Neuropsychological research shows that colors assist us in making judgments about food and its acceptability. The "better the congruence between the colour and the source of the food (yellow and lemon, for example), the greater the intensity of the rated taste." "Brown M&Ms are judged to be more chocolatey—but no less likeable—than are green ones . . . and red added to drinks increases their ratings of sweetness."[11]
As marketing ploys, the orange crate posters worked brilliantly. They assured consumers that their oranges came from a "natural" place of cleanliness, harmony and abundance. Using the sun as both a simile and metaphor—think Sunkist—offered an easy branding syllogism: sun = light = nature = goodness = oranges.
The orange "halo effect" seeped into an American consciousness over time. John Steinbeck's novel Grapes of Wrath employs the orange as a literary symbol of both the success and failure of the American dream during the Great Depression. These passages highlight the Dust Bowl migrant's plight vis-à-vis the orange:
Why don't you go out west to California? There's work there, and it never gets cold. Why you can reach out anywhere and pick an orange. (Chapter 5)
The works of the roots of the vines, of the trees, must be destroyed to keep up the price, and this is the saddest, bitterest thing of all. Carloads of oranges dumped on the ground. The people came for miles to take the fruit, but this could not be. How would they buy oranges at twenty cents a dozen if they could drive out and pick them up? And men with hoses squirt kerosene on the oranges, and they are angry at the crime, angry at the people who have come to take the fruit. A million people hungry, needing the fruit—and kerosene sprayed over the golden mountains. (Chapter 32).

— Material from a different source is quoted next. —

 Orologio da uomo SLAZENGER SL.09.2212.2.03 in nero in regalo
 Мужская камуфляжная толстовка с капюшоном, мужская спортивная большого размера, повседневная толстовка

While copyright law exists to protect authorial rights, label artists "often considered their work to be less prestigious that the design of magazine covers or national product advertisements. Since label design was often a joint project, and since many lithographic companies had restrictions against signed work, practically no label designs bear the artist signature."[12]
Thus, most vintage orange crate posters did not display the © symbol and any otherwise protectable copyright interests were automatically lost when they were published under a 1909 copyright law regime without the copyright symbol.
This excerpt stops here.